Though resources exist to help the agriculture industry, they often fall short.

“Gov. Scott just opened up a sum of money for citrus growers to borrow interest-free,” Roka says, “bridge loans that take you now to next year. It sounds like a pretty good deal, although you’re still borrowing money. And it’s capped at $125,000. Divide that by $2,000 an acre and maybe you get about 60 acres.”

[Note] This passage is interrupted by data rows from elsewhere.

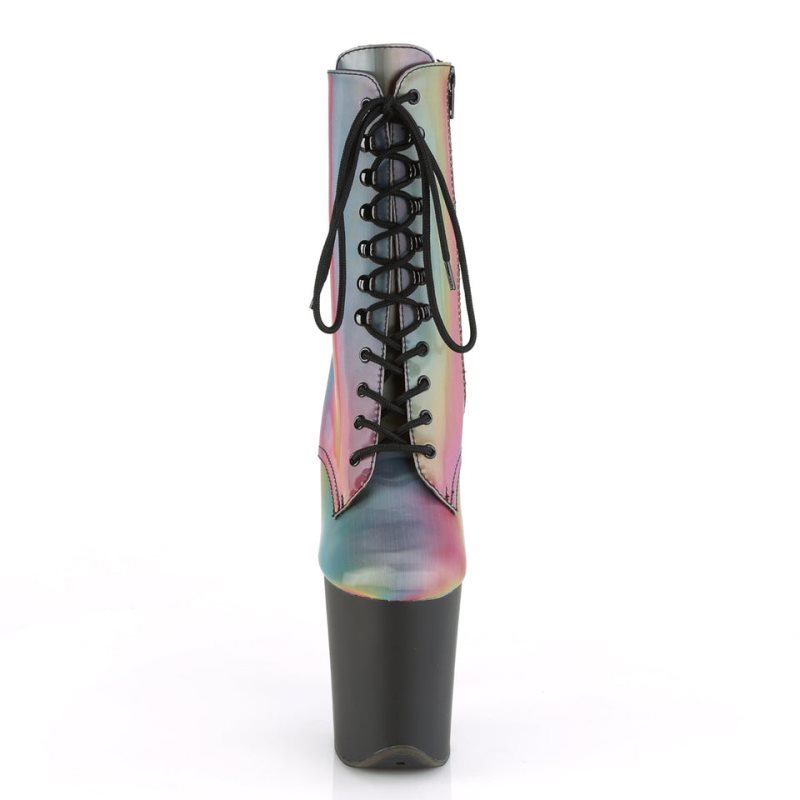 Pleaser Flamingo-1020REFL Laarzen Dames Gekleurd Zwart | FZVYQ-BE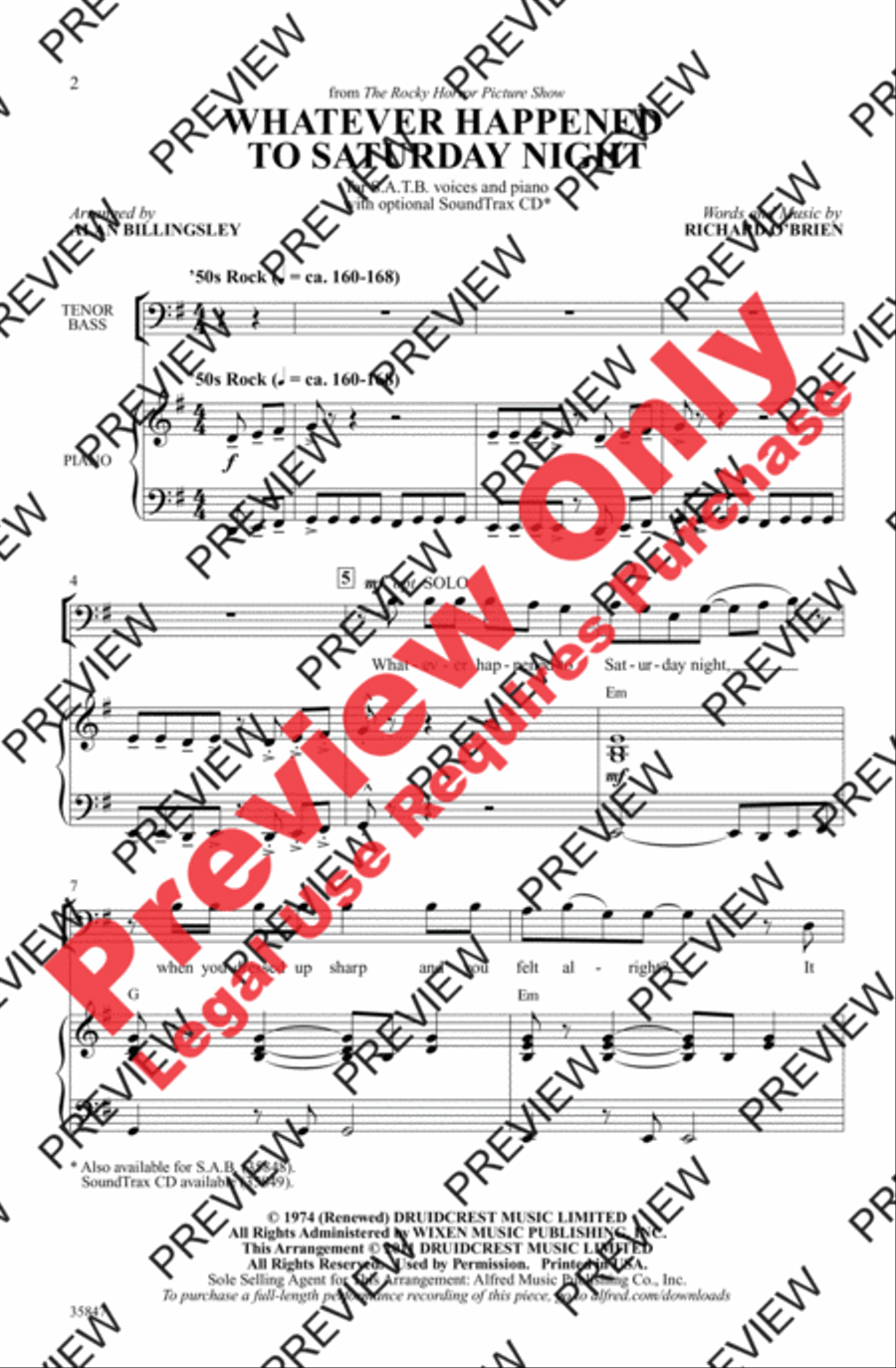 Whatever Happened to Saturday Night 4-Part scores gallery preview page 2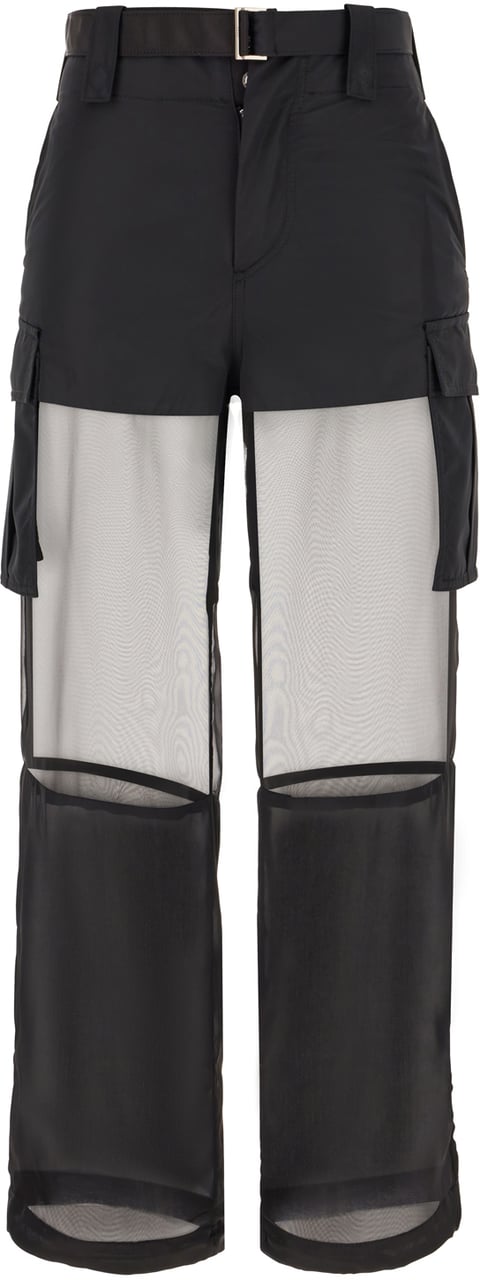 Sacai Sacai Black polyester cargo pants Zwart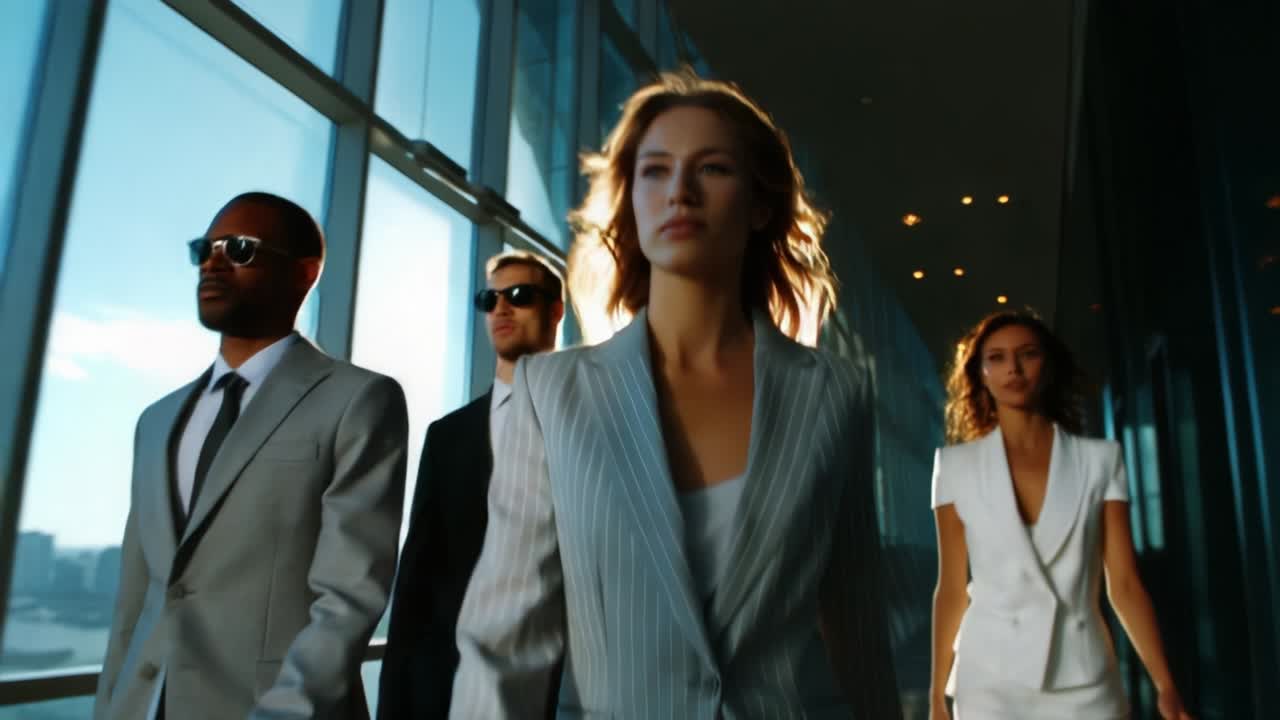 Confident Business Team Walking in Modern Office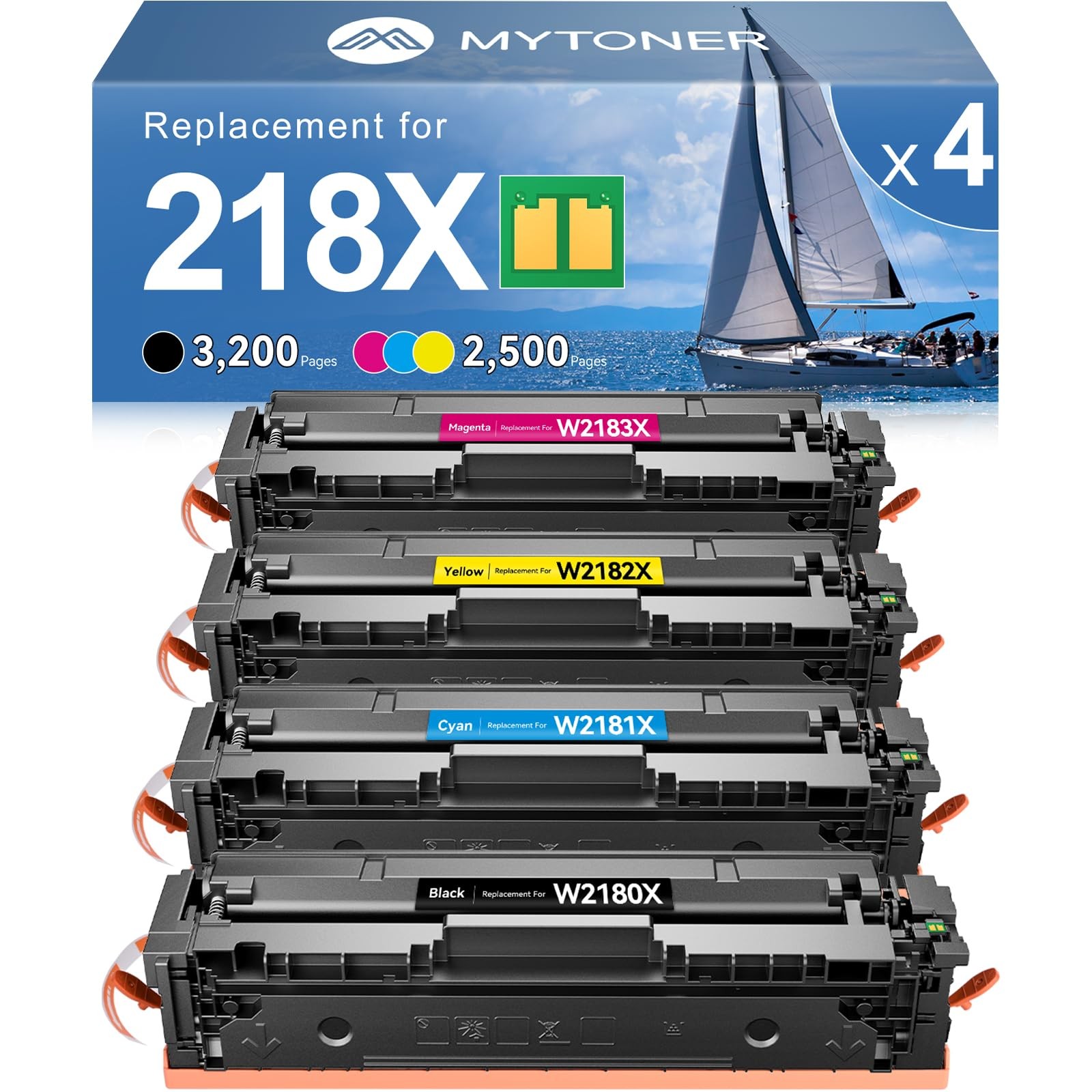 MYTONER 218X 4-Pack Toner w/ Chip for HP LaserJet Pro 3301fdw 3201dw 3301cdw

Despite all this, Florida’s agriculture industry has a history of bouncing back. After Hurricane Wilma in 2005, many growers had to take out loans that required nearly a decade to repay, but they were able to continue planting and harvesting. In the 1980s, a series of freezes devastated the citrus crop, wiping out at much as 20 percent of the citrus industry north of I-4. In response, many citrus productions relocated to Southwest Florida. Of course, large farm operations are more equipped to handle the aftereffects of a natural disaster than small farmers. Not only do large growers have more money in reserve and better access to loans, but they are often geographically diversified with farms in Texas, California, North Carolina and Virginia as well as Florida. For smaller operations like Circle C, a calamity such as Irma can mean the end of business.

Yet even with the damage and near-
crippling loss to their farm, Kozak and Cruz are committed to rebuilding. As of November, they’d drawn down on their savings to make repairs to equipment and to start rebuilding their lost structures, and they’d purchased 700 new laying hens and 2,000 new broiler chicks to meet the demands of the winter season.

“Farmers by nature are pretty resilient,” Kozak says. “We don’t give up. That’s not who we are. Will we be OK? Yes. Will it take time? Yes.”